Friday, August 15, 2008

HSR Grabs 30% of Market in Six Months

NOTE: We've moved! Visit us at the California High Speed Rail Blog.

Spain's AVE high speed train service was finally completed between Madrid and Barcelona earlier this year, with the first passengers riding in February. Since then the line has taken 30% of the travel market between Madrid and Barcelona, which was one of the world's busiest air corridors. That's a stunning level of ridership that is surely going to grow as more Spaniards become used to the service.

The Madrid-Barcelona line shares many similarities to the California high speed rail project. It connects the two major metro areas of the polity (sorry, Sevilla) in 2 hours 40 minutes - and even though a flight between the two is about an hour, Spanish travelers are flocking to HSR. Like California, the Madrid-Barcelona line serves a few intermediate-size cities - Zaragoza, Lleida, and Tarragona are sort of like San José, Fresno, and Bakersfield (though not necessarily in that order, and surely not culturally). As Matt Melzer explained last month, Spain's population densities are much like those here in California and a third of the ridership on the AVE trains was "induced demand" - new travelers brought out by the promise of fast and comfortable rail travel.

Lest we think that Europeans are somehow different than Americans in their travel habits, the Acela has over 40% of the market on the Northeast Corridor between Washington DC and Boston, despite the fact that the Acela isn't true high speed rail. Here on California's intercity trains ridership is booming, straining the existing capacity of Amtrak California. Standing room only is now common on many Capitol Corridor and Pacific Surfliner trains, and LA Metro Rail continues to set new ridership records.

As gas prices will continue to rise well into the future, causing airlines to cut back on flights and charge higher fares for those that remain, demand for high speed trains will only continue to rise.
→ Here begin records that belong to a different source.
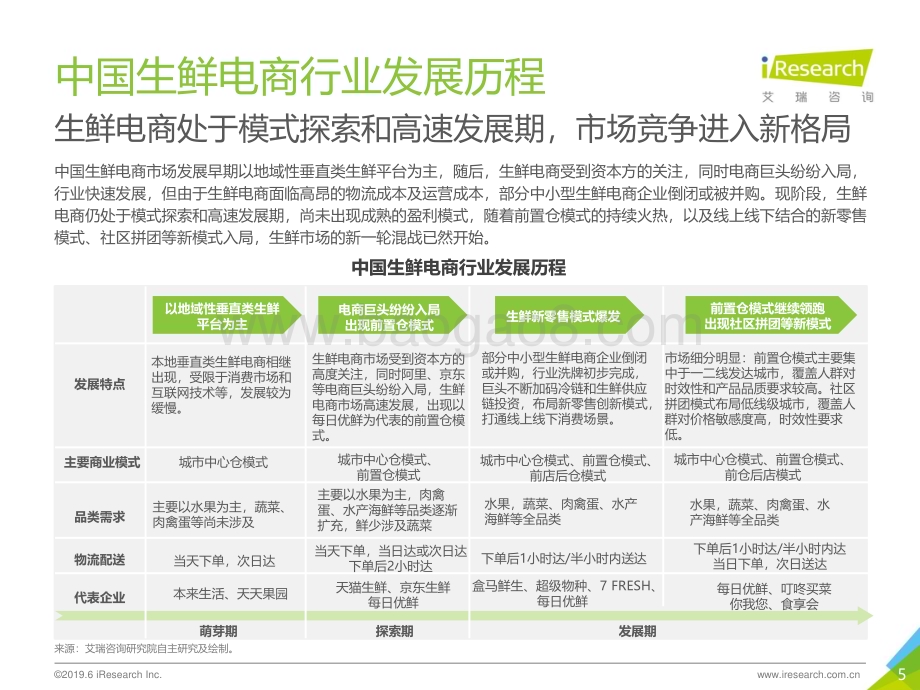 201972_艾瑞咨询_2019年中国生鲜电商行业研究报告（28页）.pdf_第5页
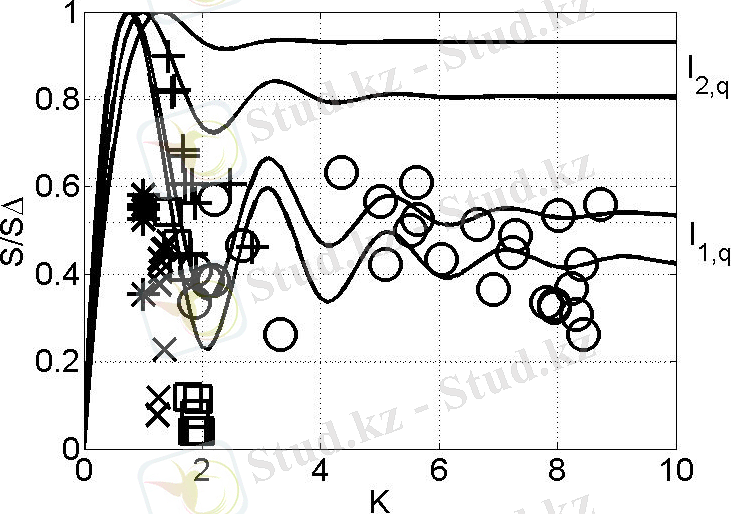 D:\Нужные\Uslovnaya q\Dinamical models\obshii.jpg
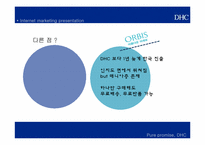 [이비즈니스] DHC의 인터넷 마케팅 전략-19
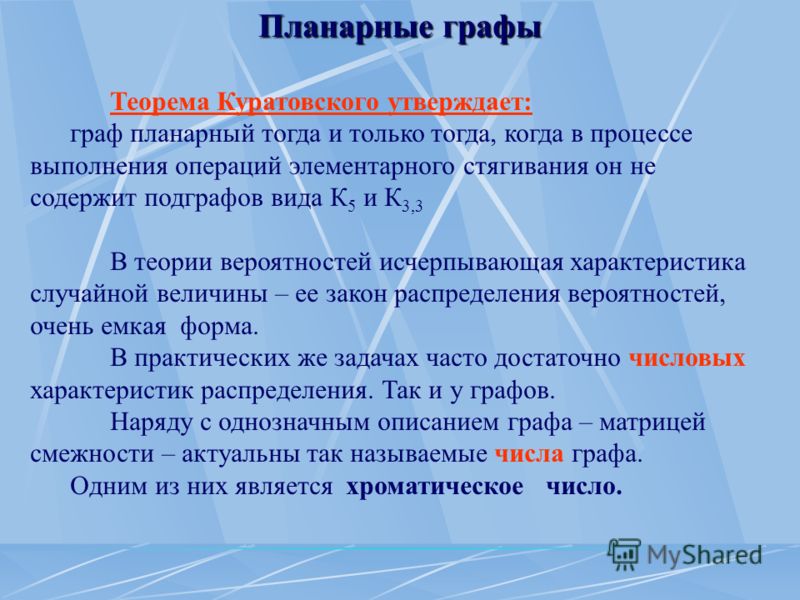 Лекция: Виды подграфов Лекция: Виды подграфов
If ridership is already this high on Spain's and America's high speed trains, imagine how it will look here in California in ten years' time.

If Californians want a fast and affordable way to get around their state in the years to come, they need to vote for Prop 1.


Michael said...

Only difference is that when you get to Madrid, you're in the center of one of the largest metro systems in the world, similarly with Barcelona. You don't need a car when you get there.

On the other hand, except for downtown San Franciso, visiting car-free in the Bay Area or in LA is less than desirable.

Spokker said...

And flying just keeps getting worse.

Spokker said...

"On the other hand, except for downtown San Franciso, visiting car-free in the Bay Area or in LA is less than desirable."

The metro system is the same whether you fly in or take a train. People who travel by high speed rail can either use public transit or rent a car, same as they do now with flying.

But I don't agree with you that transit in the Bay Area is less than desirable. I just got back from a car-free trip to the Bay Area and we had a great time getting around on Caltrain, Muni and BART. If we had wanted to visit outlying places where transit doesn't go, we would have rented a car.

As for LA, it largely depends on where you are going. Transit can be either really good or really bad.

Brandon in California said...

The main LA station will be at Union Station. There are robust transit facilities there.

Pantograph Trolleypole said...

This also shows the issue with how critics talk about transit systems. Here you have a corridor for which you are comparing the share. In transit systems, critics are always trying to paint the line into a corner that it must relieve the share for the whole region. When seen on the corridor that its serving it works really well. We need to start changing the frames.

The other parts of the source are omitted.